Author Topic: PLOW - Douglas Dynamics  (Read 3231 times)

SlowAppreciation

  • Full Member
  • ***
  • Posts: 200
    • Slow Appreciation
Re: PLOW - Douglas Dynamics
« Reply #10 on: November 02, 2016, 10:37:12 AM »
It is nice to see FCF continues to grow as amortization makes up a large portion of their expense base. So while income was down YoY, FCF keeps increasing.

Some acq-related amortization was pulled forward this quarter, suppressing earnings, but these are mostly one time in nature.

FCF yield is 12% and EV/EBITDA is now something like ~11

SlowAppreciation

  • Full Member
  • ***
  • Posts: 200
    • Slow Appreciation
Re: PLOW - Douglas Dynamics
« Reply #11 on: March 07, 2017, 06:41:00 AM »
Mixed quarter.

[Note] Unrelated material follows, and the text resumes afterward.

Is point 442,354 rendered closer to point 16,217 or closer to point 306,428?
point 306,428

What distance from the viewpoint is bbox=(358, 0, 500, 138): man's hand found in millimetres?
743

GM came down because of lower margin structure on some of their recent acquisitions; however, they seem much less dependent on snow fall amounts than in years past considering the past two winters have been quite mellow.

Quote
Douglas Dynamics (PLOW) shares climbed more than 3% in pre-market after the company reported Q4 earnings of $0.44 per diluted share compared with an income of $0.66 per share a year ago, beating the $0.37 average EPS estimate from analysts polled by Capital IQ.

Net sales jumped 9.5% to $130.1 million, missing the $131.8 million consensus.

For 2017, net sales are expected to come in between $470 million and $530 million in 2017, which compares with an average analyst estimate of $489.4 million. Earnings per share are expected to be in a range of $1.20 per share to $1.80 per share, straddling the $1.61 estimate.